Local transit officials overseeing rail repeatedly assured that those bus funds would be used only as a last resort and that none of the funds have been spent on the rail project. However, now that the project faces as much as a $700 million construction deficit, those dollars are suddenly in play.
Resolution 15-18, introduced Tuesday by Council Chairman Ernie Martin, directs the Honolulu Authority for Rapid Transportation to delete the 5307 dollars from rail’s financial plan and the city’s formal agreement with federal transit officials. It looks to ensure the money is spent only on TheBus and Handi-Van systems.
"The Council has always had reservations about having 5307 in the budget ever since I’ve been on. But we’ve always given HART the benefit of the doubt that that was a real, last resort contingency," Martin said Wednesday. "What we’re doing (with the resolution) is what we probably should have done long ago: have them take it out."
Honolulu Mayor Kirk Caldwell has further pledged that no 5307 funds would be used for rail and that the city would look for other funding sources to replace them. "I, as mayor, will not approve that, and they need to get (the funds) from the city in order for that to happen," he said Wednesday.

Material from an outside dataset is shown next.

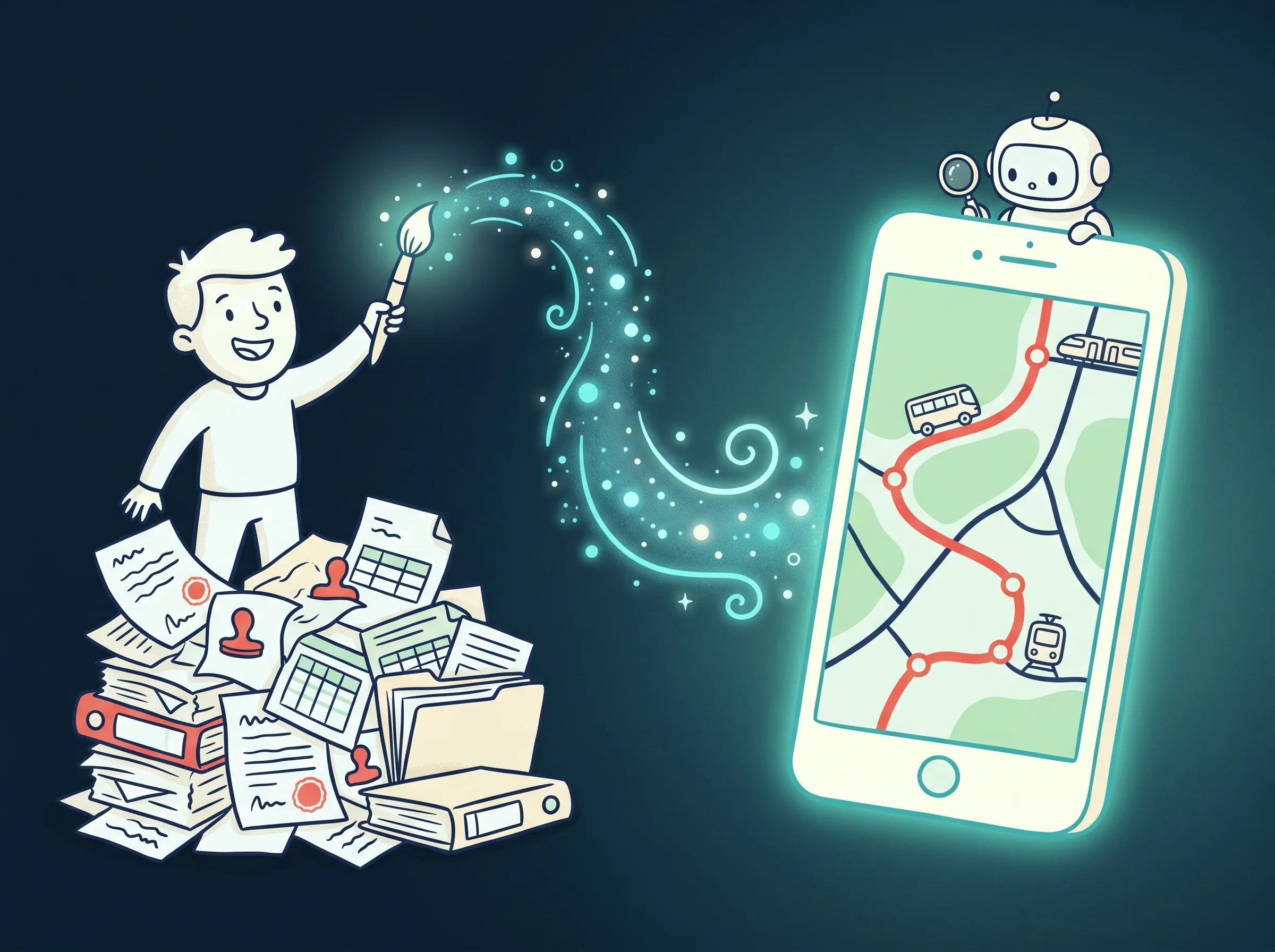 Illustration of open data being transformed into consumer apps, dashboards, and licensable datasets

On Thursday, Grabauskas said that it’s up to elected city leaders, not HART, to remove the 5307 dollars from the funding agreement because it’s the city that inked that deal with federal transit officials. HART merely carries out the agreement per city policy, he said.
The Council is expected to take up the resolution during the second week of February.
On Thursday, Councilwoman Kymberly Pine told the HART board, "We of course are very worried" about the mounting costs. Nonetheless the Council members "want to see the project succeed," she said.